Geçmiş ve gelecek aslında yokturlar, biz o görüntüleri kendi beynimizde oluştururuz. Onlarla fazla ilgilenmemek ve günü yakalamak yaşamın düşünsel boyutunu bırakıp maddesel kısmıyla ilgilenmektir. Çevremizde bulunan basın yayın organlarının bizi alıştırmak istediği şey aslında geçmiş ya da gelecek fikri değil kendimizin ne olduğunu ve olacağını düşünme fikrimizdir ya da alışkanlığımızdır. Çünkü biz ancak geçmişimiz ve geleceğimizle beraber tanımlanabiliriz. Peki hepimiz böyle düşünmeye başlarsak ne olur? Hatta bir toplum böyle düşünmeye başlarsa ne olur? Bütün öğrencilerin okulları kırmaya başladığı, insanların yarın hapse girerim korkusu olmadan suç işlediği, kimsenin sigorta poliçesi almadığı bir topluma dönüşürüz. Böyle olamayacağını bilmemize rağmen günü yaşamak fikri hoşumuza gidiyor. Sanırım basınımızın güzide yazarlarının kastettiği geleceği ya da geçmişi düşünmeden yaşayın çünkü düşünmek sizi strese sokar o zaman da gününüz bu stresten mahvolur demek istiyorlar. Burada onlara katılıyorum, yani insanın geçmişe üzülerek ya da gelecek endişesiyle kendini germesi ve mutsuz biri olması hiç de hoş bir şey değil. Acaba alternatif olarak, günü yakalamak yerine bizlere geçmişimize doğru bakmayı ve geleceğimizi güzel hayal etmeyi öğretseler? Sanırım seçim bize ait, geçmişimizi ve geleceğimizi doğru dürüst düşünmeyi ve hayat etmeyi öğreneceğiz ya da hiç değişmeyen ya da anlık dürtülerimizin güdülediği bir günü tekrar tekrar yaşamaya devam edeceğiz.

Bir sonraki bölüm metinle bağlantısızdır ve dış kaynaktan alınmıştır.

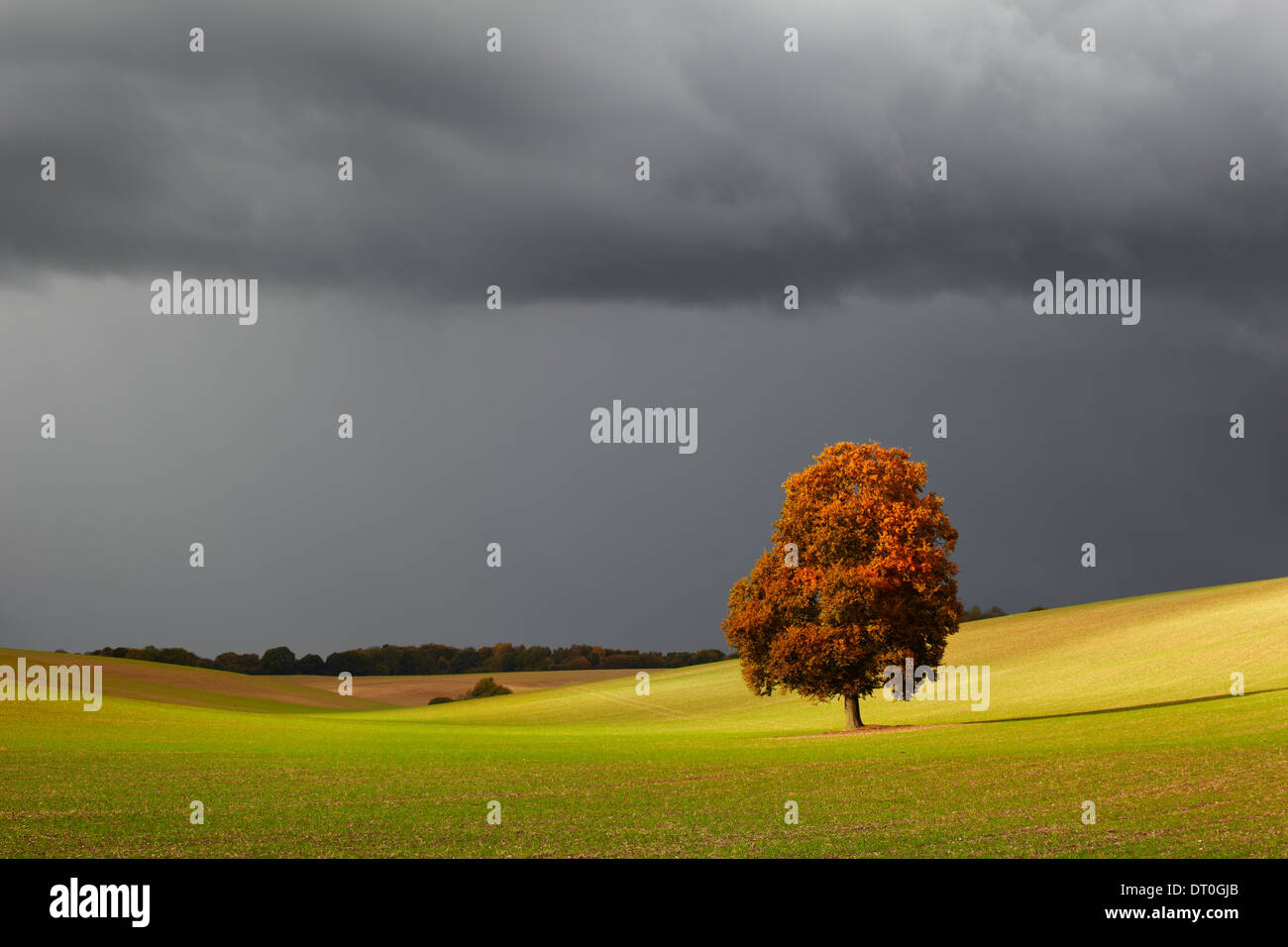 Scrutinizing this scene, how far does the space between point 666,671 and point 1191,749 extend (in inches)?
4067

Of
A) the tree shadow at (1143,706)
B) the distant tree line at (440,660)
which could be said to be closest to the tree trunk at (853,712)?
the tree shadow at (1143,706)

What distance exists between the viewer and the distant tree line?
17825 cm

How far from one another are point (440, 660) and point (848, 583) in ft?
473

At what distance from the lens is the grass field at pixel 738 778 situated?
73.0 ft

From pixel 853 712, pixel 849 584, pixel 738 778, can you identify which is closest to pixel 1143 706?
→ pixel 853 712

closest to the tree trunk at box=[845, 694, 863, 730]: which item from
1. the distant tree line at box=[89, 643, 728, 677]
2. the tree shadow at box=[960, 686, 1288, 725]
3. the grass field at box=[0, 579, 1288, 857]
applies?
the grass field at box=[0, 579, 1288, 857]

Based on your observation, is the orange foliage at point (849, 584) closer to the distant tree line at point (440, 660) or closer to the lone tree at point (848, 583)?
the lone tree at point (848, 583)

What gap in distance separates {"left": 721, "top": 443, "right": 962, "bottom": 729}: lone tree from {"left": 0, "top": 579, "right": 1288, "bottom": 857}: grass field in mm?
4027

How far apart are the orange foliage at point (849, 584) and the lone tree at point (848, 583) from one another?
6 centimetres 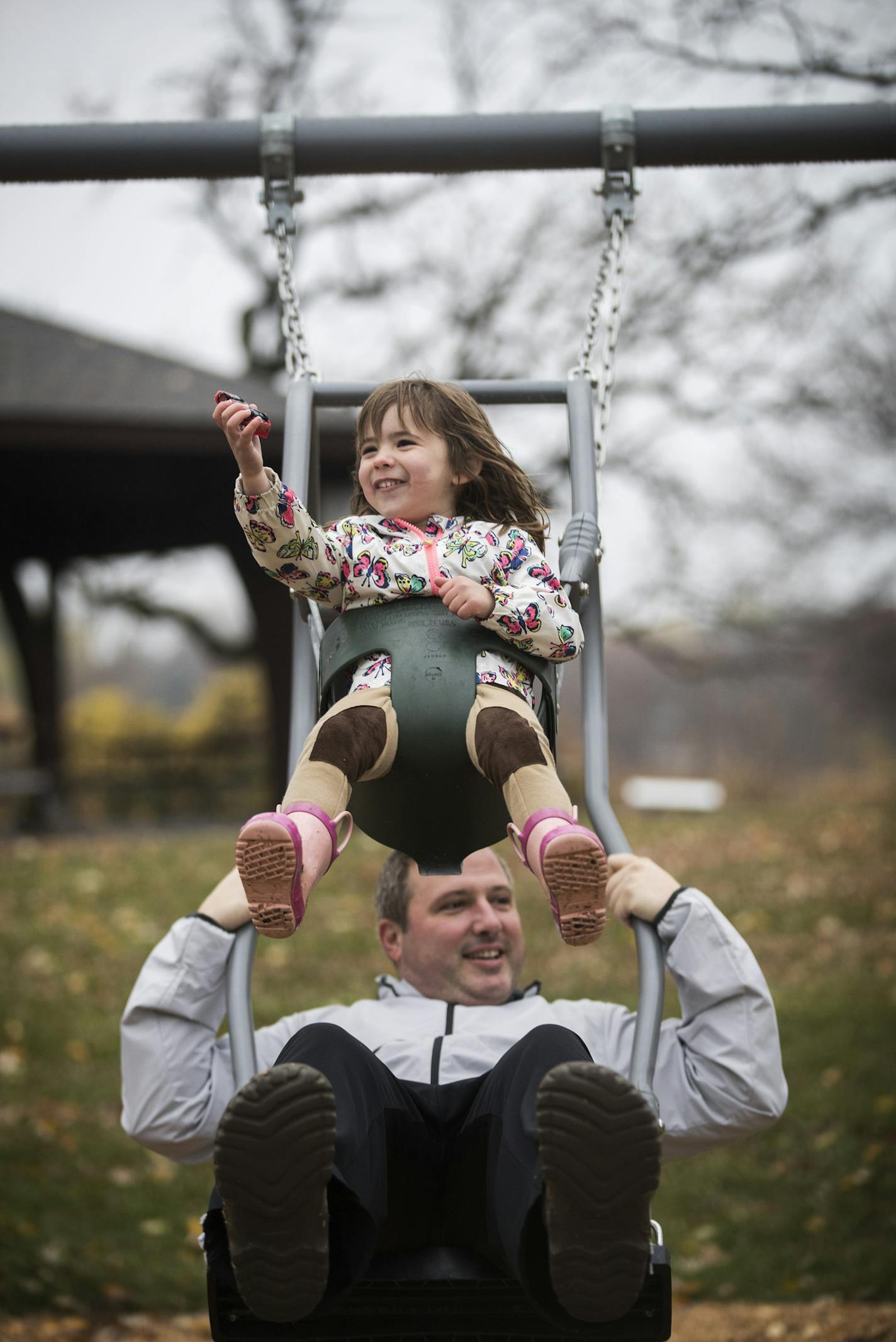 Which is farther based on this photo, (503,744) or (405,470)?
(405,470)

Yeni bir günü yakalama anlayışı
Sanırım benim günü yakalama anlayışım tren yakalamaya benziyor. Önce trenin geldiğini göreceksiniz. Bu kolay iş değildir, önce trenin 1 saat önce nerde olduğuna sonra yarım saat sonrasına bakarısınız, doğru bir kronolojik tahlil gerektirir. Sonra yön olması gerekir, yani tren size doğrumu geliyor yoksa sizden uzaklaşıyor mudur? Bu soruları geçmişi değerledirmeden cevaplayamazsınız. İlişkilerimiz bile kaçınılmaz bir tarihsellik taşır, bir ilişkinin kötüye gidip gitmediği ya da soğuyup ısındığına bile ancak zamansal bir düşünmeyle varabiliriz. Benim örneğe dönersek şimdi farz edelim treni gördük bir tane geliyor. Belki birden çok tren var ve her biri farklı yere gidiyor, bizi farklı sonuçlara götürecek? Hangi treni seçeceğiz? Bütün bunlar için kafamızda bir gelecek hayali olması gerekmez mi? Bazan hayat o kadar hızlı gelir ki o hayal ya da düşünce için vaktimiz yoktur. İşte bunun için isteklerin, amaçların ve hayatllerin önceden düşünülmüş ve hazır olması gerekir. Trenin geldiğini ve ne zaman istasyonda olacağını gören ve nereye gitmek istediğini bilen kişi treni yakalar yani o günü ve o anın sağladığı fırsatı. Günün getirdiği fırsatları kullanmak için hayal etmek ve hayallerin hazır olması gerekmez mi? Sanırım ancak böyle günü yakalayabiliriz. Tabi ki gün içerisinde uyanık olmak da gerekir. “Bir günü diğeriyle denk olan bizden değildir” diyerek konuyu kapatıyorum.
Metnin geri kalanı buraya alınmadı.